▶ **Action item**: From the line containing "Megachile (Aethomegachile) laticeps•&copy;" through the last line of the listing, output each line exactly as it stands. Omit pictures.

▶ **Data extract**:
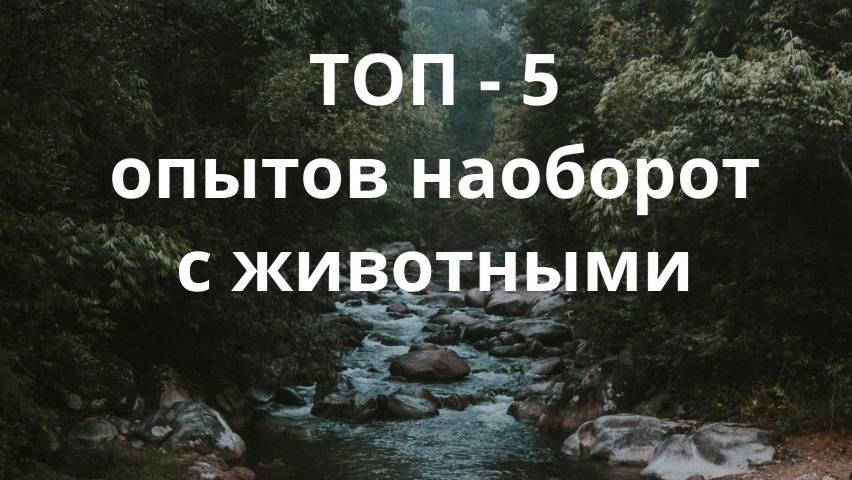 Топ 5 видео с животными наоборот - приколы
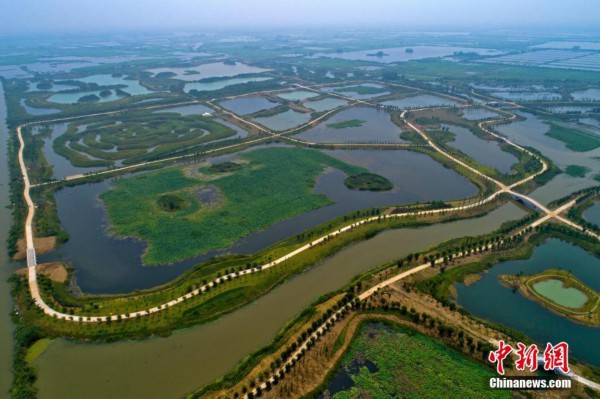 杭州白馬湖最新動態(tài)，自然美景之旅，探尋內(nèi)心寧靜與平和
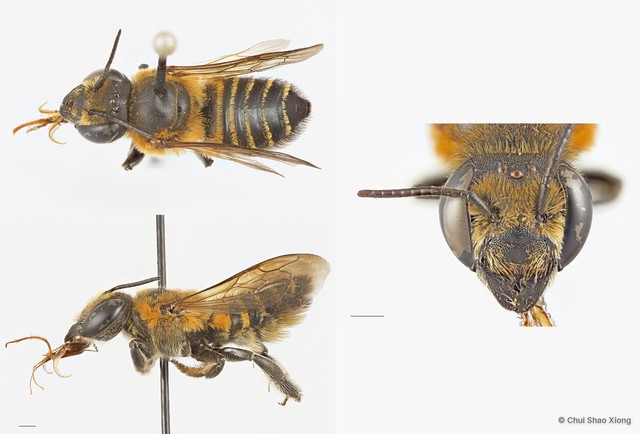 Megachile (Aethomegachile) laticeps•&copy; Chui Shao Xiong•All Rights Reserved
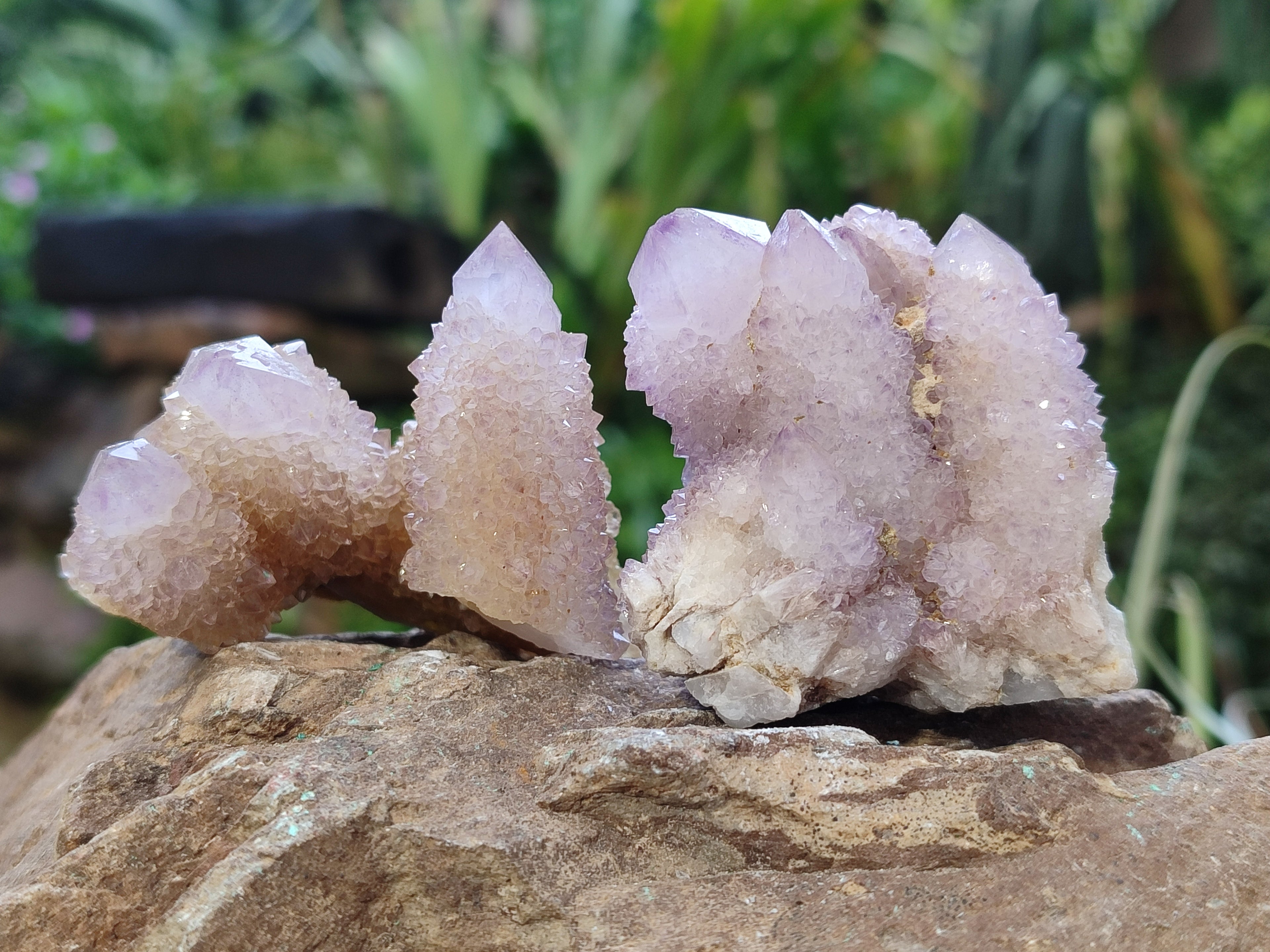 Natural Amethyst Spirit Quartz Clusters x 12 From Boekenhouthoek, South Africa - Toprock Gemstones and Minerals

▶ **Written solution**:
 Megachile (Aethomegachile) laticeps•&copy; Chui Shao Xiong•All Rights Reserved
 Natural Amethyst Spirit Quartz Clusters x 12 From Boekenhouthoek, South Africa - Toprock Gemstones and Minerals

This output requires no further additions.